The tomato that ate Kayak Woman

fungusTomato Giant. Men’s Health. Shamwow. Snuggie. I can guess that Men’s Health is just the latest incarnation of the kind of spam that once prompted my friend Paula (may she rest in peace*) to state that she had already grown her p*n#s innumerable times and they might as well quit emailing her about it. Shamwow? Some kind of paper towel? Ho-hum. Snuggie? I’m told it’s a blanket-like-thing that you *wear*. It sounds HOT to me! Even on the days that the old escalator has dumped us down into the subzero temperatures of the Great White Northern winter. Or spring. Or fall. Or whatever. I would be struggling to get out of a snuggie in short order. Tomato Giant… Hmmm. I just do not know. I will guess that it has something to do with growing trenormous tomatoes? But I don’t know. Because I DELETE spam email messages without reading them! Delete, delete, delete, delete, delete, delete, delete, delete, delete, delete, delete, delete, delete.

I figured out a long, long time ago that no matter what you do, you cannot beat the spammers. Spam filters? Ho-hum. Nobody can block a dedicated spammer, at least not forever. The spammers set up automated systems that use random number generating functions to tweak each message just a bit. A different string of garbage characters in the subject. A slightly different image in the message body. A SLIGHTLY DIFFERENT SENDER EMAIL!** The spam filter can block senders to its heart’s content and the spammer will just sit there laughing, watching another billion spam emails launch with slightly tweaked details. Or more likely, the spammer just lets his lackeys (or bots) do the dirty work. He is hanging around down in the Carribean with whatever bank vice president threw my stock into the toilet.

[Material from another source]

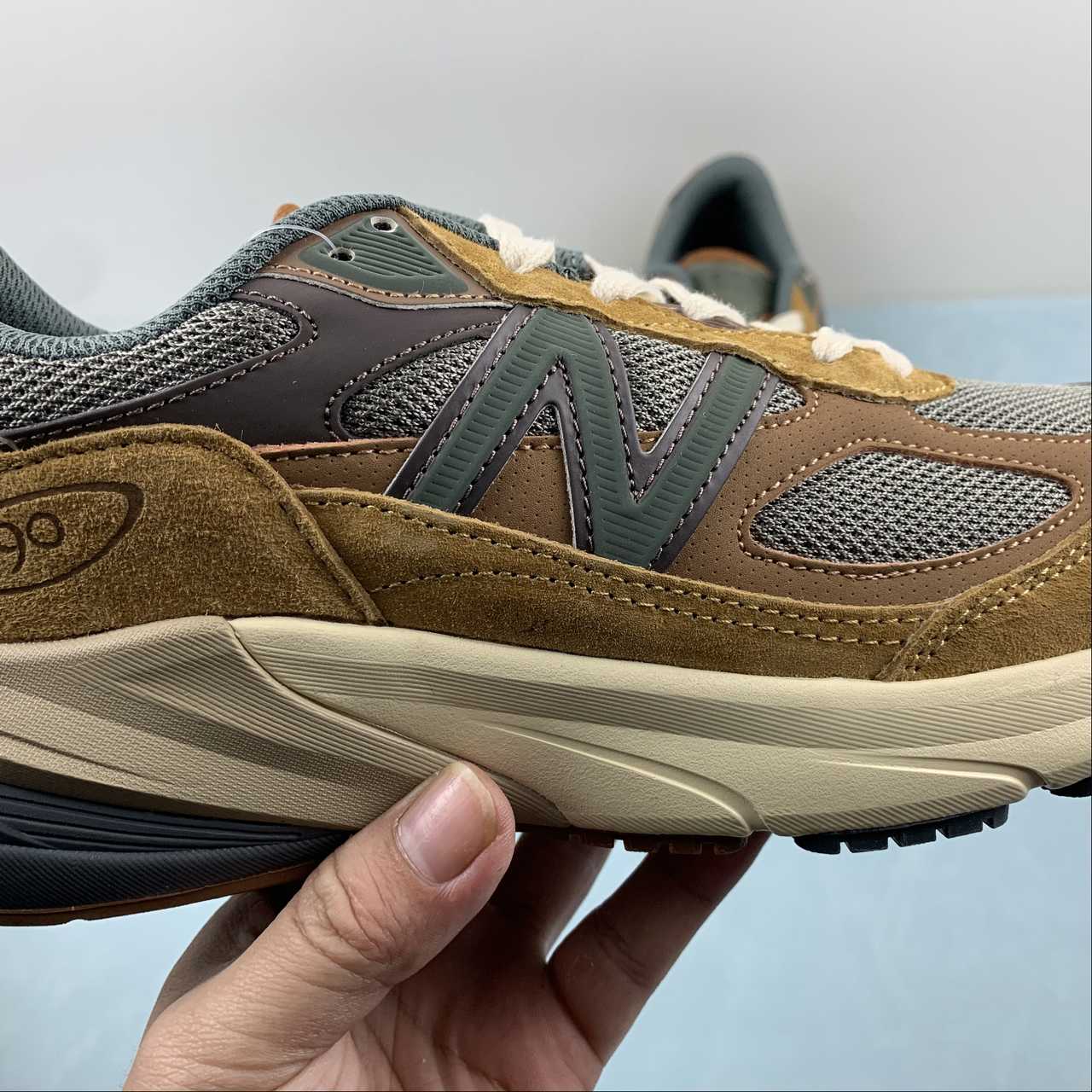 Replica New Balance Shoe New Balance NB990 M990CH6  36-45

What kind of spam do you get? How do you deal with it? Do you let it get under your skin? Honestly, door-to-door and telephone solicitors are more annoying to me than spam email.

*My friend Paula died way too early in December of 2004. We soldiered together as volunteers in one of the most disorganized organizations there ever was. We were great email buddies and her emails would often cause me to fall off my precarious rolling computer chair onto the floor, laughing hysterically. I still miss her…

**Disclaimer: This is a highly-simplified and hypothetical spam-generating algorithm. I don’t know *exactly* how various spammers generate their spam but I DO know a bit about functions that generate random numbers and I know how to incorporate them into computer programs and I can use my imagination from there.

4 Responses to “The tomato that ate Kayak Woman”

  1. Dog Mom Says:

    yeah, well, the latest/greatest method for getting around my junk-mail rules is who(what)ever is creating the “Men’s Health” (HTML body – also a way around filters) seems to be using the recipient’s email address an alias to “hide” the sender’s true address.

    So, of course, “bouncing” the email doesn’t accomplish anything useful. >: P

  2. Jay Says:

    I have to admit I do not get too much spam.
    For all of the grief that aol gets, it does OK with this tiem.
    I think I get more spam at work.
    And I do not open it – ever.

  3. Tonya Says:

    Knock on wood, but I haven’t been receiving much spam lately — except from online companies that I’ve done business with in the past. They are relentless with their daily email promotions. I guess that’s not officially considered as spam, though — I just have them automatically sent to my junk folder. There for a while I was getting a LOT of spam in the comments section of my blog. Now THAT was aggravating! My blog host has improved in filtering those, thankfully!

  4. Pooh Says:

    I’m glad that the picture was NOT a zombie tomato that you found at the back of the refrigerator! Do you remember that really bad movie, “Attack of the Killer Tomatoes”? It came out after “Rocky Horror Picture Show”, and I think it was hoping for the same campy vibe.